*** Opening of Records provided ***
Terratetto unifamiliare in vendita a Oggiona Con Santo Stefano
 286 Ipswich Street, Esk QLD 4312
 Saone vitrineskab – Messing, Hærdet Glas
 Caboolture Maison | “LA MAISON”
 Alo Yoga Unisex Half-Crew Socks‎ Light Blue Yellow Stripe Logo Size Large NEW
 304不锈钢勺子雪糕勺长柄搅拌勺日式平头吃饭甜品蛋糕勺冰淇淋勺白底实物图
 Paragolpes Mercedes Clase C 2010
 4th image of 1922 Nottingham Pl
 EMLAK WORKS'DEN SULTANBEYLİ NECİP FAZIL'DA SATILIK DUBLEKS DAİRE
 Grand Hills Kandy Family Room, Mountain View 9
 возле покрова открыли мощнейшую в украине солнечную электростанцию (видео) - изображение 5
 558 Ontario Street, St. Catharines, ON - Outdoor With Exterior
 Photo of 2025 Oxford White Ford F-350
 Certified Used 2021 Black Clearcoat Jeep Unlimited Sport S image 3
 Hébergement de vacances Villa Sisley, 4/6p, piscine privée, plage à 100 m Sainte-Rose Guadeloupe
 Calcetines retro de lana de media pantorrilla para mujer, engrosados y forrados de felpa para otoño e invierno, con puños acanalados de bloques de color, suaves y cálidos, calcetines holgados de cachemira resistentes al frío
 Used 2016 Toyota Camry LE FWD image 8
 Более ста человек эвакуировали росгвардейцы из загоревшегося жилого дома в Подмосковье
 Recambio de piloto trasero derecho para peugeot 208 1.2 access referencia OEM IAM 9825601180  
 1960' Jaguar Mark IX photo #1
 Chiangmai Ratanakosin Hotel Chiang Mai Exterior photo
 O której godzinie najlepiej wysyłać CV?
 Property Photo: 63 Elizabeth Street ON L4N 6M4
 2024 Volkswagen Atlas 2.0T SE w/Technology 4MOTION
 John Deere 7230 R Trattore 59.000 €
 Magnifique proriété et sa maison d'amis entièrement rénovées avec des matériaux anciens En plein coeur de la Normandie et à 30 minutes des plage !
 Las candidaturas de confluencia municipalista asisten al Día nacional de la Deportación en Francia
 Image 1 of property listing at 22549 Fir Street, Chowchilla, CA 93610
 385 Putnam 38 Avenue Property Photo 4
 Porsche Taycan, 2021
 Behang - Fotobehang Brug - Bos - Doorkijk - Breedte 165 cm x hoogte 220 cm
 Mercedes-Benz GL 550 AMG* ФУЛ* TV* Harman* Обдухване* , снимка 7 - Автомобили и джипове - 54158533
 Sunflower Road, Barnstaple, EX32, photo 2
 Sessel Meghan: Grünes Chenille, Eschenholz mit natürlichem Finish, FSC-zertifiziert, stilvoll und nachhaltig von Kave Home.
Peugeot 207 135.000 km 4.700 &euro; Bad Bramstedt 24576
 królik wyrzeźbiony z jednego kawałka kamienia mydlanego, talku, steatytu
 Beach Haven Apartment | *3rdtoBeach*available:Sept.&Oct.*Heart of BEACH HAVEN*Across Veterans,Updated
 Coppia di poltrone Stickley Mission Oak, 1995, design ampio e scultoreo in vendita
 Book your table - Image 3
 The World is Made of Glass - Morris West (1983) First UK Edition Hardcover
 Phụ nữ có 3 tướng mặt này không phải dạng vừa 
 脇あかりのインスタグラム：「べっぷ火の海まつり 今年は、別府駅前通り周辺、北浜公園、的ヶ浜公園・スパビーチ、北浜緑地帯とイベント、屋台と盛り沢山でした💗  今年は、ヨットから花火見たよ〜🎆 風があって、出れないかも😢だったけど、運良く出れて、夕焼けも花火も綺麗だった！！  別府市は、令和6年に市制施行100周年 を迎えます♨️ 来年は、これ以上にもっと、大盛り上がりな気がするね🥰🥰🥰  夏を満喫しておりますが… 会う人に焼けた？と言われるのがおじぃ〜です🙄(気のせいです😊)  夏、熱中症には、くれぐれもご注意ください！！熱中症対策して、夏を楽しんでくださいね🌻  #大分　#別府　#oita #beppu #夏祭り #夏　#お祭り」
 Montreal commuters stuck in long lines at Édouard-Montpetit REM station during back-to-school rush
*** Close of Records provided ***
Aim of the task: Lines before the one containing "Sunflower Road, Barnstaple, EX32, photo 2" are to be left out; that line and every line after it through the end of the data should be copied exactly.

Your solution:
 Sunflower Road, Barnstaple, EX32, photo 2
 Sessel Meghan: Grünes Chenille, Eschenholz mit natürlichem Finish, FSC-zertifiziert, stilvoll und nachhaltig von Kave Home.
Peugeot 207 135.000 km 4.700 &euro; Bad Bramstedt 24576
 królik wyrzeźbiony z jednego kawałka kamienia mydlanego, talku, steatytu
 Beach Haven Apartment | *3rdtoBeach*available:Sept.&Oct.*Heart of BEACH HAVEN*Across Veterans,Updated
 Coppia di poltrone Stickley Mission Oak, 1995, design ampio e scultoreo in vendita
 Book your table - Image 3
 The World is Made of Glass - Morris West (1983) First UK Edition Hardcover
 Phụ nữ có 3 tướng mặt này không phải dạng vừa 
 脇あかりのインスタグラム：「べっぷ火の海まつり 今年は、別府駅前通り周辺、北浜公園、的ヶ浜公園・スパビーチ、北浜緑地帯とイベント、屋台と盛り沢山でした💗  今年は、ヨットから花火見たよ〜🎆 風があって、出れないかも😢だったけど、運良く出れて、夕焼けも花火も綺麗だった！！  別府市は、令和6年に市制施行100周年 を迎えます♨️ 来年は、これ以上にもっと、大盛り上がりな気がするね🥰🥰🥰  夏を満喫しておりますが… 会う人に焼けた？と言われるのがおじぃ〜です🙄(気のせいです😊)  夏、熱中症には、くれぐれもご注意ください！！熱中症対策して、夏を楽しんでくださいね🌻  #大分　#別府　#oita #beppu #夏祭り #夏　#お祭り」
 Montreal commuters stuck in long lines at Édouard-Montpetit REM station during back-to-school rush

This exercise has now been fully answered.